The 231 members of the 513th have been away from their civilian jobs and civilian lives for more than 12 months. Many don't
know if those lives will be the same when they get back.
"People who were probably hoping to go home are going to stay here, but they are not complaining at all," Smith said.
Members of the 513th talked Thursday about the call-up. They asked that their last names not be revealed for security reasons.
Lt. Col. Lee of Oklahoma City worked as a pilot for United Airlines. He was on call in Denver on Sept. 11, 2001, waiting
to fill in if another pilot was sick or could not make a flight for any reason.
"When I saw the buildings come down, I started packing my bags," Lee said. "I left the next morning. I made a phone call
from my cell phone as I was driving to Oklahoma City. I called up the company and told them I was on indefinite military leave
and would call them when I could come back."
He hasn't called back.
"When I came down here and found out how long it was going to be and how big it was, I sent them a copy of my orders,"
Lee said. "I still have a job with them. I have not been furloughed. If we were to deactivate tomorrow, I would go back and
work for them."
The AWACS fliers said their employers have been understanding and their families have adjusted to their absence. AWACS
provide command and control of the skies and are among the first units to deploy in time of war. The 513th is the only AWACS
1st Lt. Jim of Choctaw said he is proud to help with the war on terrorism.
"There is a sense of duty," Jim said. "If we didn't believe in what we were doing, we wouldn't be here in the first place.
When I get up in the morning, I can look at myself in the mirror and say, 'You are making a difference in the world.' That
makes a huge difference. It makes it a lot easier for me to say goodbye to my wife and head overseas for 45 or 50 days at
Many have had to make sacrifices since the activation.
Master Sgt. Lamond of Oklahoma City has a wife and 3- year-old daughter.
"Life is a little difficult at times," Lamond said. "My wife used to be in AWACS. She was active duty for seven years.
She totally understands what I'm doing and why I'm doing it. My 3-year-old, sometimes she doesn't understand that daddy's
gone away. She thinks daddy's on a trip."

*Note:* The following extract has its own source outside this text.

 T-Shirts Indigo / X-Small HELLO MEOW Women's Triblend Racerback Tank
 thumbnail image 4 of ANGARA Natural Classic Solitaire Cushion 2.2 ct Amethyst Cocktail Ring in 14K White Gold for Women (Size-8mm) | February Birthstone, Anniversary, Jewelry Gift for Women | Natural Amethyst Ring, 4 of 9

Lamond and his wife have made adjustments to keep their daughter from missing her father as much. She spends time with
her grandparents when her father is deployed overseas.
The 513th has flown missions in support of Operation Enduring Freedom in Afghanistan, Operation Northern Watch and Operation
Southern Watch in Iraq and Operation Noble Eagle in the United States.
The unit usually spends 45 days overseas, then returns to Tinker for 45 days before being deployed again. The rotation
is subject to change at any time.
Jim said he and his wife have put off having children because of the activation.
"I've also had to put off finishing my master's degree," Jim said. "People are putting off starting a family. The employers
so far have been great as far as understanding that we are citizen warriors, and our country has called and we need to do
Even if employers do understand, they face challenges of their own. United has told Lee he still has a job, but the company's
financial problems make him cautious. Lee said the terrorist attacks have changed every facet of his life.
"I got it on both ends," Lee said. "I don't know that I'll have a job to go back to when we get deactivated. I just have
a blank wall out there 12 months from now, and every time I think about it, it just frustrates me. ... I try to concentrate
on what's going on today and with this job here."
Many of the reservists hoped to return to their civilian lives this fall. Now that they know those plans have been put
on hold for another year, they said they are ready to do the job at hand.
Staff Sgt. Clifford of Fort Myers, Fla., has already taken a year off from college, but he said he doesn't mind that his
degree will have to wait.
"You get the orders, you show up and you do the mission," Clifford said. "There's only one AWACS reserve unit, and we're
it. If they need us for the mission, then let's get the job done."